From e04060636102d42c50a23ef269241aef71b9713f Mon Sep 17 00:00:00 2001
From: Egor Ryashin <egor.ryashin@rilldata.com>
Date: Mon, 11 Sep 2023 19:37:29 +0300
Subject: [PATCH 16/40] athena-driver review

---
 runtime/drivers/athena/athena.go                               | 2 +-
 .../src/features/sources/modal/submitRemoteSourceForm.ts       | 3 ++-
 web-common/src/features/sources/modal/yupSchemas.ts            | 2 +-
 3 files changed, 4 insertions(+), 3 deletions(-)

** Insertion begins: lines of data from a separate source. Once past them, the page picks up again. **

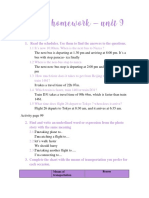 English homework – transportation schedules and modal verbs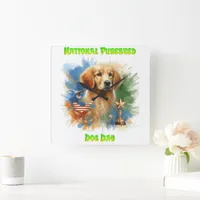 National Purebred Dog Day Celebration Artwork Square Wall Clock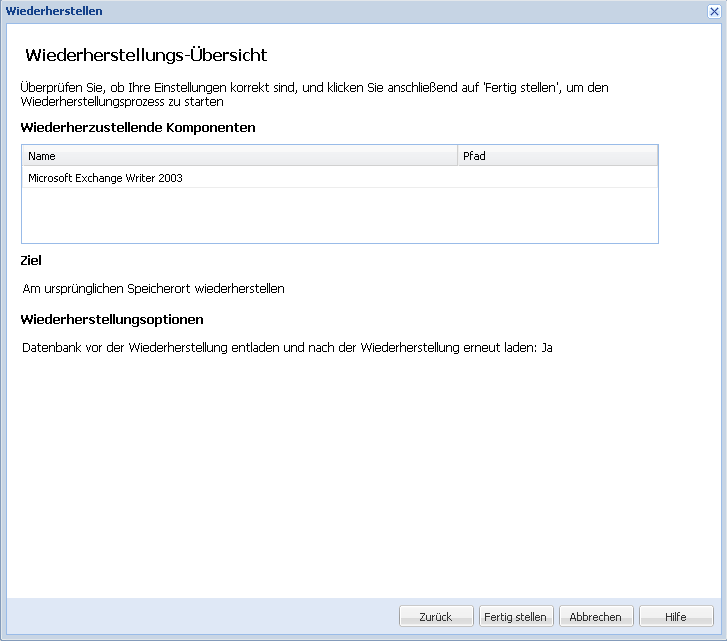 Anwendungswiederherstellung - Exchange 4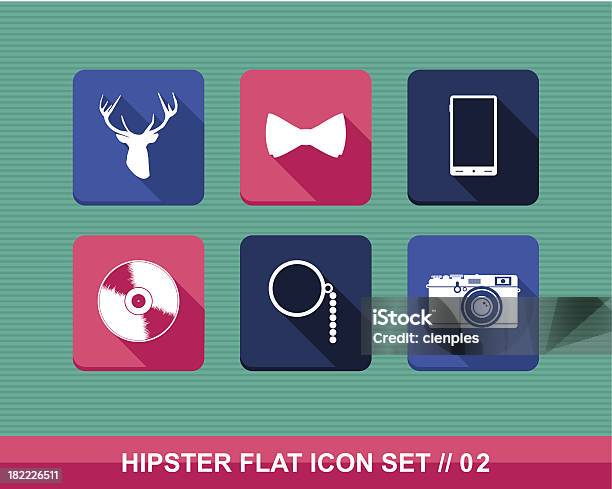 Colorful Vintage Hipster Fashion Elements Flat Icon Set Eps10 File Stock Illustration - Download Image Now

diff --git a/runtime/drivers/athena/athena.go b/runtime/drivers/athena/athena.go
index ea3a12a7789..0062c56dae9 100644
--- a/runtime/drivers/athena/athena.go
+++ b/runtime/drivers/athena/athena.go
@@ -54,7 +54,7 @@ var spec = drivers.Spec{
 		{
 			Key:         "region",
 			DisplayName: "AWS region",
-			Description: "AWS profile for credentials.",
+			Description: "AWS region",
 			Type:        drivers.StringPropertyType,
 			Required:    true,
 		},
diff --git a/web-common/src/features/sources/modal/submitRemoteSourceForm.ts b/web-common/src/features/sources/modal/submitRemoteSourceForm.ts
index 82a7f8f9d6b..31f22b6d946 100644
--- a/web-common/src/features/sources/modal/submitRemoteSourceForm.ts
+++ b/web-common/src/features/sources/modal/submitRemoteSourceForm.ts
@@ -63,7 +63,8 @@ export async function submitRemoteSourceForm(
   const formValues = Object.fromEntries(
     Object.entries(values).map(([key, value]) => {
       switch (key) {
-        case "project_id":
+        case "project_id": 
+        case "output_location":
           return [key, value];
         default:
           return [fromYupFriendlyKey(key), value];
diff --git a/web-common/src/features/sources/modal/yupSchemas.ts b/web-common/src/features/sources/modal/yupSchemas.ts
index 3ef6d357edb..a67ae145466 100644
--- a/web-common/src/features/sources/modal/yupSchemas.ts
+++ b/web-common/src/features/sources/modal/yupSchemas.ts
@@ -80,7 +80,7 @@ export function getYupSchema(connector: V1ConnectorSpec) {
           )
           .required("Source name is required"),
         output_location: yup.string().required(),
-        region: yup.string(),
+        region: yup.string().required(),
       });
 
     default:

From 804f03e6a3796743fddd7d6a8c90f68f996f7106 Mon Sep 17 00:00:00 2001
From: Egor Ryashin <egor.ryashin@rilldata.com>
Date: Mon, 11 Sep 2023 19:52:48 +0300
Subject: [PATCH 17/40] athena-driver review

---
 runtime/drivers/athena/athena.go | 25 +++++++++++++++----------
 1 file changed, 15 insertions(+), 10 deletions(-)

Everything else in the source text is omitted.